| Brief |
Would you print the records below word for word, without the pictures?

| Task inputs |
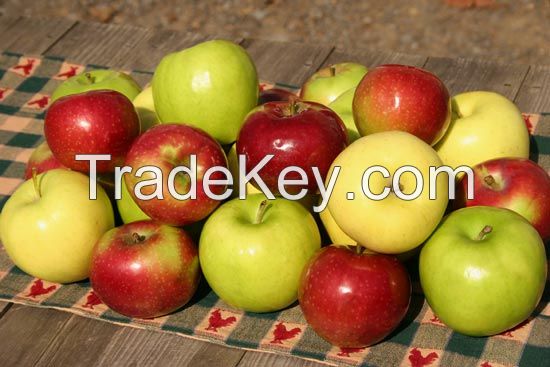 2014 Fresh Apple of Fruit From Turkey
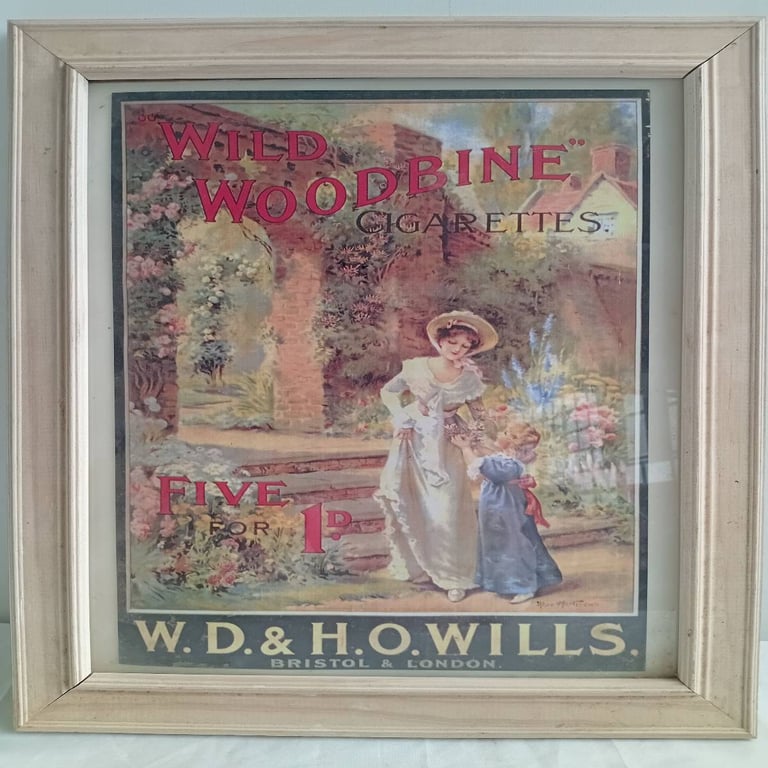 Framed “Wild Woodbine Cigarettes" Advertisement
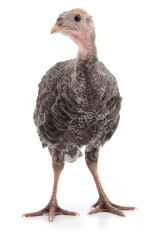 Chicken turkey isolated.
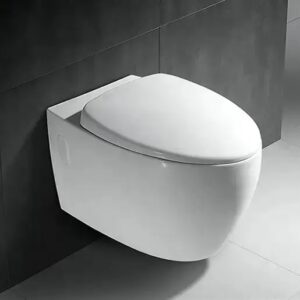 Super Executive Conduit Water Closet - Model BT365-TCT6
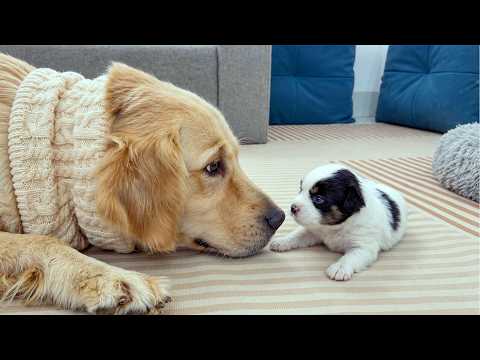 YouTube 썸네일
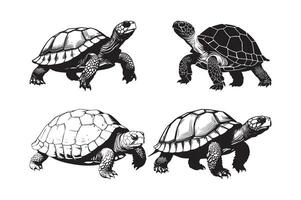 Realistic Tortoise and Turtle Illustration Set in Black and White vector
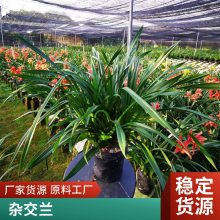 燎伯兰业 种类丰富室内绿植花 建兰醉美人 办公室桌面植物摆放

| Result below |
 2014 Fresh Apple of Fruit From Turkey
 Framed “Wild Woodbine Cigarettes" Advertisement
 Chicken turkey isolated.
 Super Executive Conduit Water Closet - Model BT365-TCT6
 YouTube 썸네일
 Realistic Tortoise and Turtle Illustration Set in Black and White vector
 燎伯兰业 种类丰富室内绿植花 建兰醉美人 办公室桌面植物摆放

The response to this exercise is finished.